The Compliance Revolution and Improving Board Oversight
We all know there has been a sea change in the compliance profession. No longer are compliance professionals relegated to the backwater of corporate governance. Instead, they are now front and center and being asked to design and implement effective systems to detect and prevent violations of a code of conduct and the law.
The compliance profession should give itself a big pat on the back, They have elevated themselves to a firm position in the governance landscape. The US Sentencing Guidelines, the Department of Justice, the SEC, the FCPA Guidance, HHS Guidance, Federal Acquisition Regulations, and many other federal and state government agencies all cite the importance of ethics and compliance programs.
There is one significant omission. Aside from a brief reference to “tone-at-the-top,” there is very little guidance on the role of a critical player – the corporate board of directors. This glaring omission has to be addressed.
There are basically four ways this will occur.
First, the courts may reexamine general legal standards, referred through shorthand as the Caremark standard to define the standard of care for corporate boards. The Wal-Mart shareholder suit against the Wal-Mart board may ultimately shake up the Caremark world and courts may define additional monitoring and oversight responsibilities for corporate boards.
Second, federal prosecutors, regulatory agencies and other executive policymakers may step in to prosecute a corporation for the deficient performance of a corporate board, or individual members. In doing so, the Department of Justice may seek board reforms as part of a deferred prosecution agreement.
Third, corporate governance professional associations, regulatory agencies such as the SEC, and academic researchers may push for new governance models and best practices to elevate the performance of corporate boards.
This is nothing new. There are many sources for best practices. Corporate boards have been inundated with new and reasonable expectations as to their performance. That trend is bound to continue and may lead to additional efforts to define and improve corporate board performance.

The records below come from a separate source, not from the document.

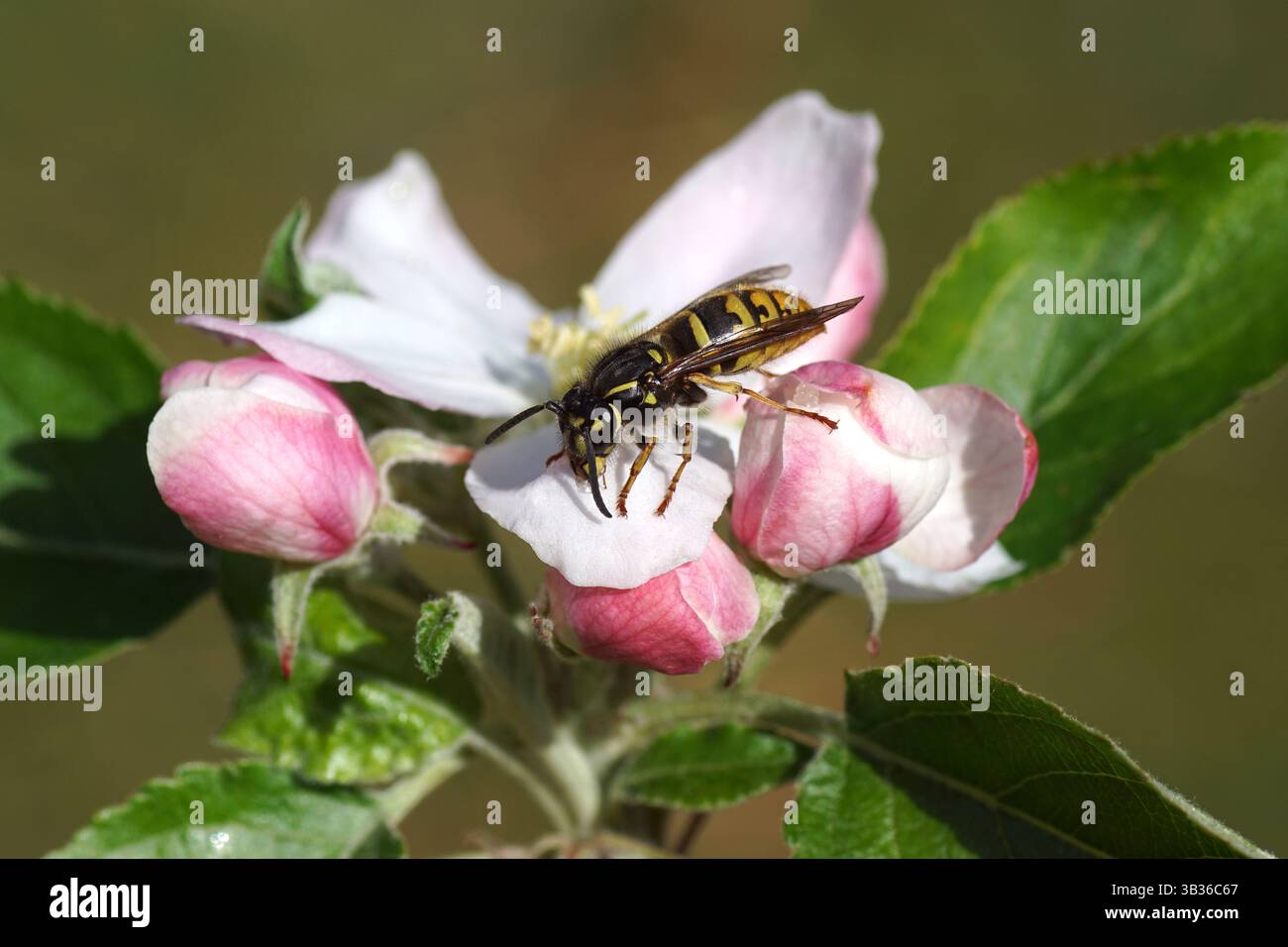 Queen of a common wasp (Vespula vulgaris) on white flowers of the apple ...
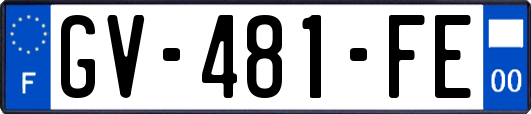 GV-481-FE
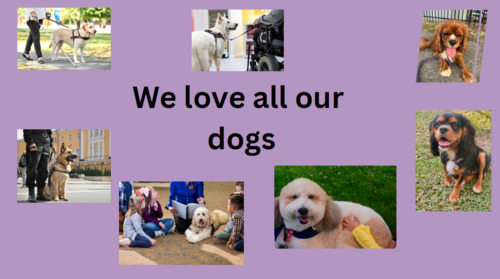 Preview of Different jobs of dogs - read aloud & editable power point version
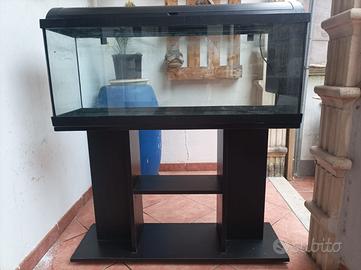 acquario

Fourth and finally, Congress may step in yet again, in response to a financial crisis of some sort – akin to the Sarbanes-Oxley and Dodd-Frank measures. In this scenario, Congress could mandate various ethics and compliance program requirements, along with improvements to corporate board performance. It is how Congress handles the financial crisis of the day.
At the heart of the problem is deficient board performance. In every FCPA case, the question to ask yourselves is simple – What was the corporate board doing? In the case of BizJet in 2012, the corporate board not only knew about the entire bribery scheme, it failed to say or do anything when it was informed prior to the scheme being executed. I know BizJet is an unusual case but it begs the following questions for all boards:
What actions has the board taken to ensure that the company has an effective ethics and compliance program?

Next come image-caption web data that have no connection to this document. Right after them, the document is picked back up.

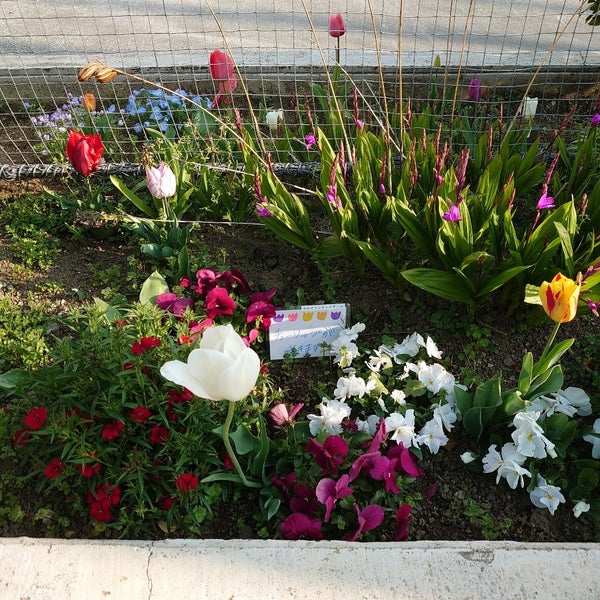 Photos At 川崎市立 今井中学校 Middle School In 川崎市 Photos At 川崎市立 今井中学校 Middle School In 川崎市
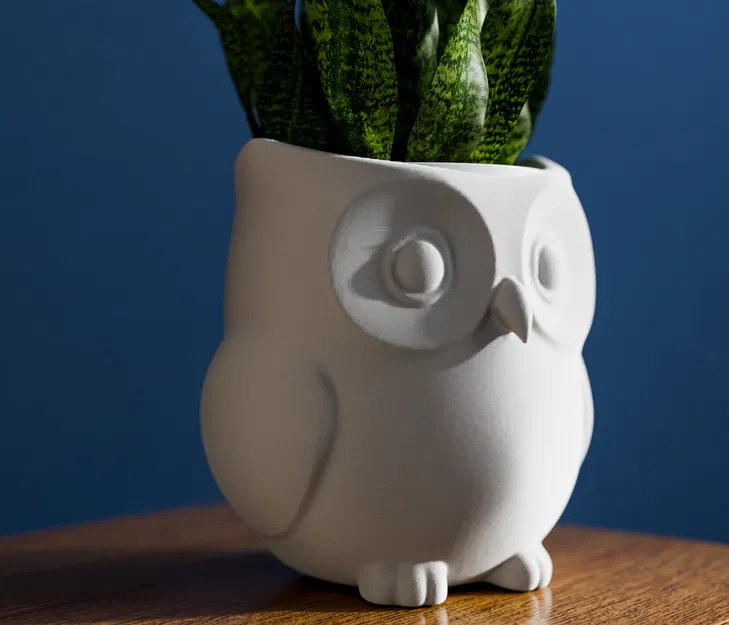 Chậu Cây Trong Nhà Hình Cú - Image 4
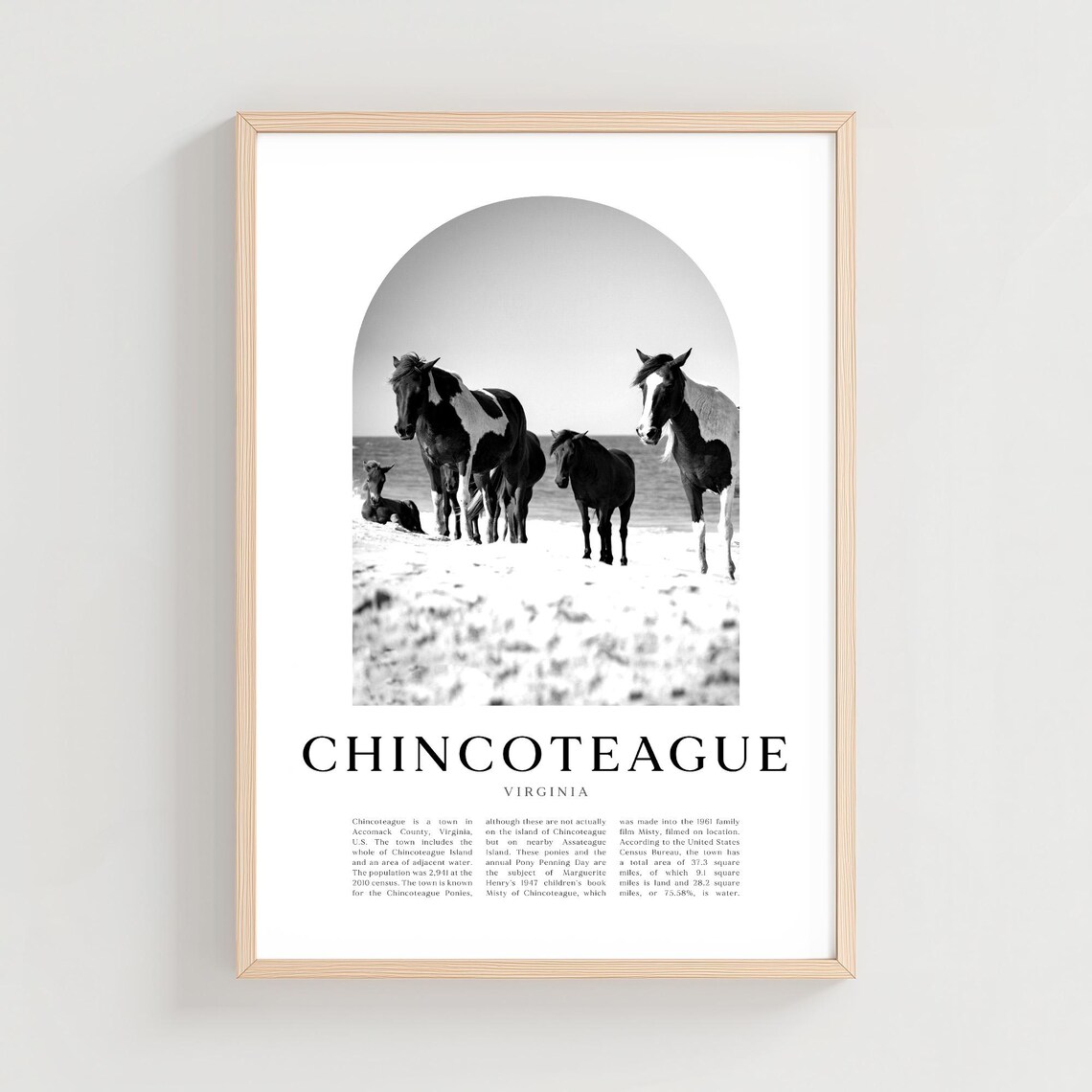 Chincoteague Virginia Wild Ponies Beach Black and White Photo Poster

This is a broad question but there are many follow up questions that need to be answered.
- What are the risks that the board focuses on when overseeing the company’s ethics and compliance program?
- Can each board member cite the top 5 risks the company faces, the markets in which these risks are present, and how the ethics and compliance program mitigates those risks?
- How much information does the board receive about the company’s ethics and compliance program?
- What type of information does the board receive from senior management about the compliance program?
- How engaged is the board on the issue of ethics and compliance?
- What kind of relationship does the board have with the chief compliance officer?
- Does the full board meet with the CCO at least annually to review the ethics and compliance program?
- How often does the Audit/Compliance Committee meet with the CCO? How robust is the reporting relationship?
- What areas of the ethics and compliance program need to be improved? What is the timetable for improving the program?
- Does the board receive ethics and compliance training? When was the last time the board was trained?
All of these questions are meant to scratch the surface on board performance and oversight of the ethics and compliance program. There are many other issues that need to be examined when evaluating a board’s response to ethics and compliance issues. Until these issues are defined and standards for performance are raised, we will continue to ask the same question when a company gets into trouble – “Where was the board and why didn’t it act?”